◆ What the task requires ◆
The expected output is each line from the one containing "मैं विंडोज 10" to the last line of the data below, set down exactly, minus the pictures.

◆ Material to process ◆

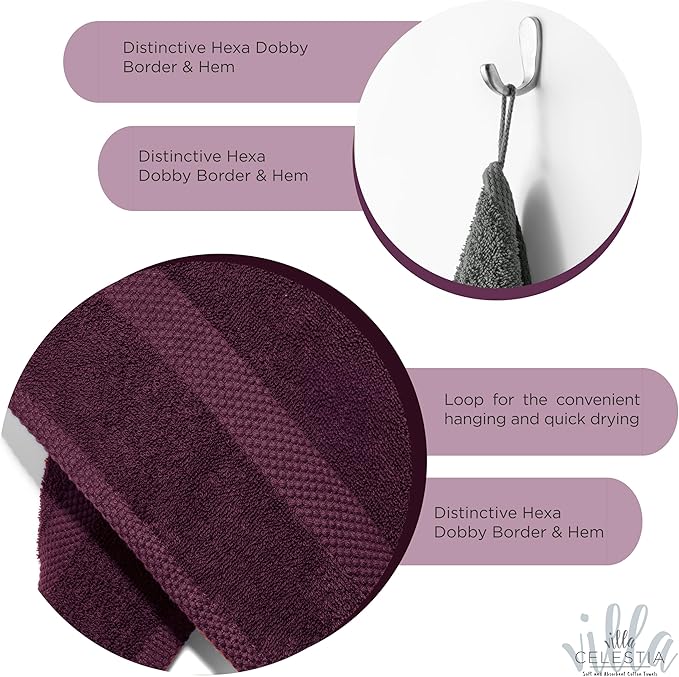 100% Cotton Wash Cloth for face & Body Set of 6, (12 x 12 inches) Sustainable, Soft, Highly Absorbent, Combed Cotton Wash Cloths Pack of 6 for Hotels, Spa, Bathroom, Dorm, Burgandy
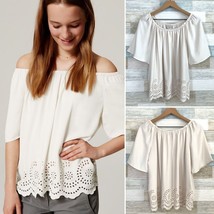 LOFT Eyelet Off The Shoulder Swing Blouse Top Ivory Short Sleeve Womens Small - £15.79 GBP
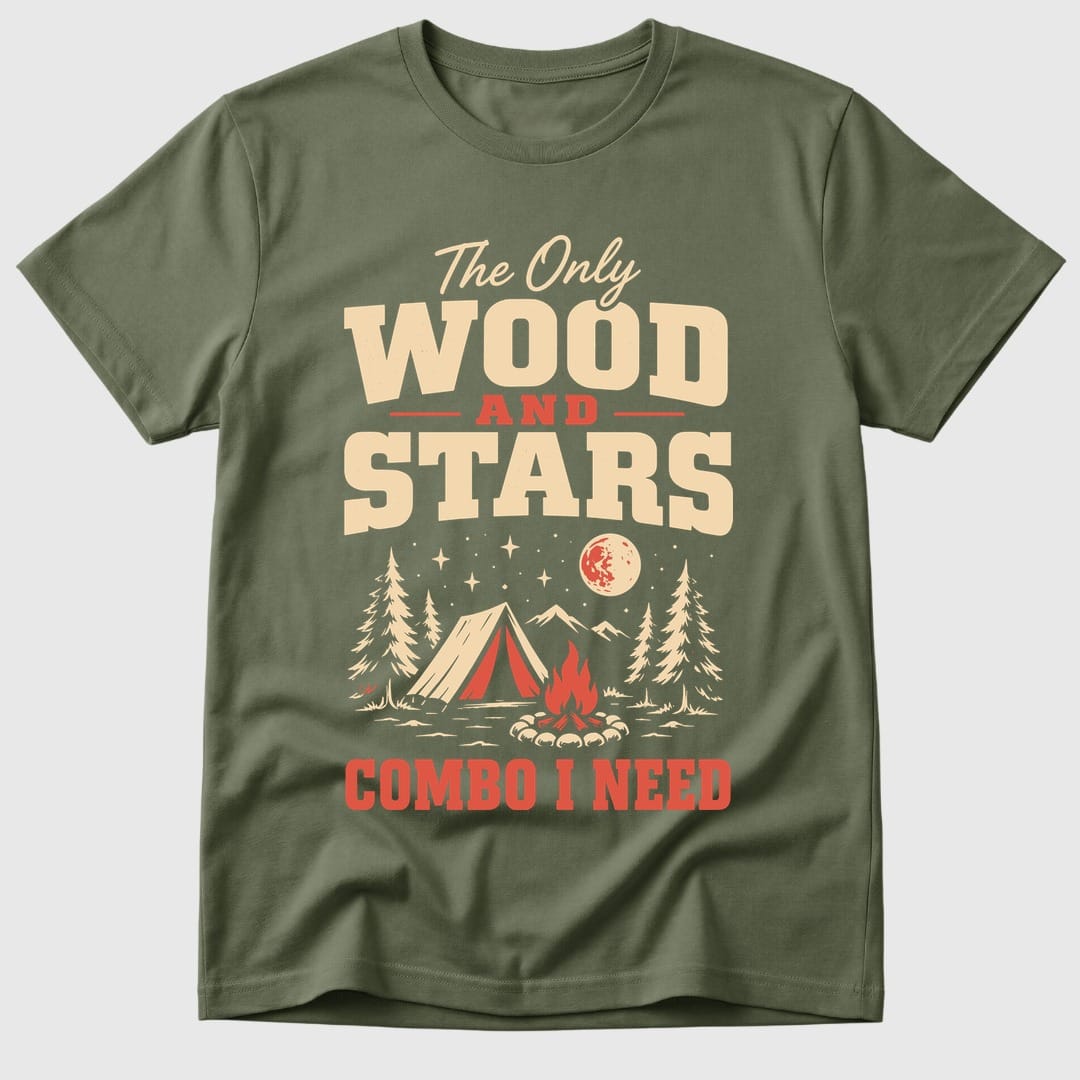Military Green Stars In The Wood - Mosaic Rhino
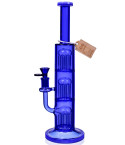 Cheech™ Glass - 13" Transparent Triple Rain Tree With 8 Arm Tree Perc Bong - Blue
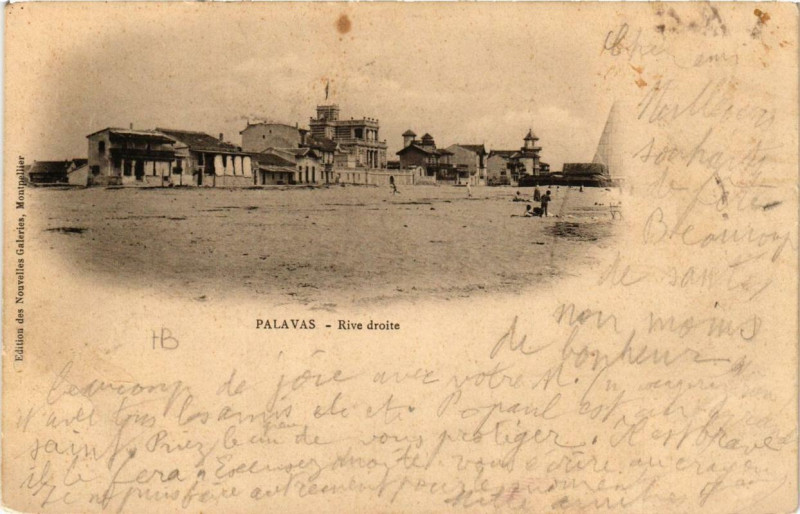 Carte postale ancienne Palavas-les-Flots Rive droite à Palavas-les-Flots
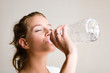 Thirsty young blond woman.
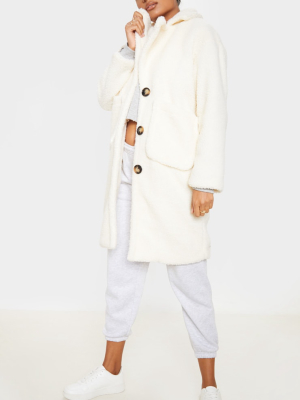 Cream Borg Longline Coat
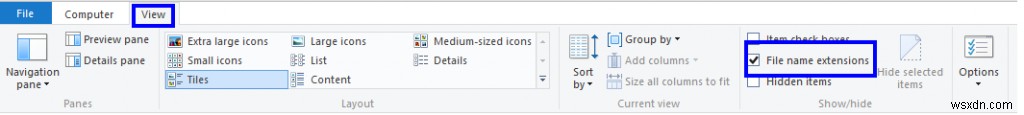 मैं विंडोज 10 में फाइल एक्सटेंशन कैसे दिखाऊं?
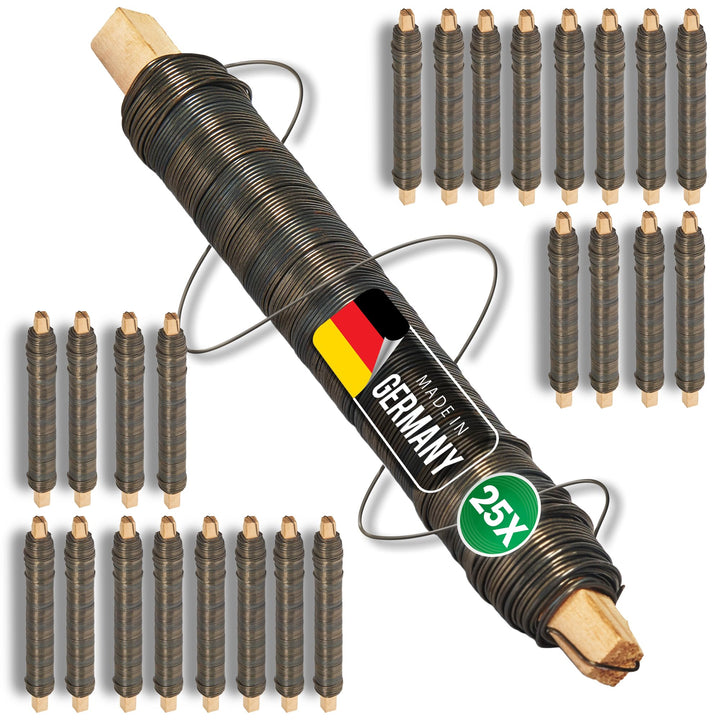 Novatool 25x Wickeldraht I geglüht I 0,65 mm I Draht zum Basteln I Basteldraht Floristendraht Blumen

◆ Task answer ◆
 मैं विंडोज 10 में फाइल एक्सटेंशन कैसे दिखाऊं?
 Novatool 25x Wickeldraht I geglüht I 0,65 mm I Draht zum Basteln I Basteldraht Floristendraht Blumen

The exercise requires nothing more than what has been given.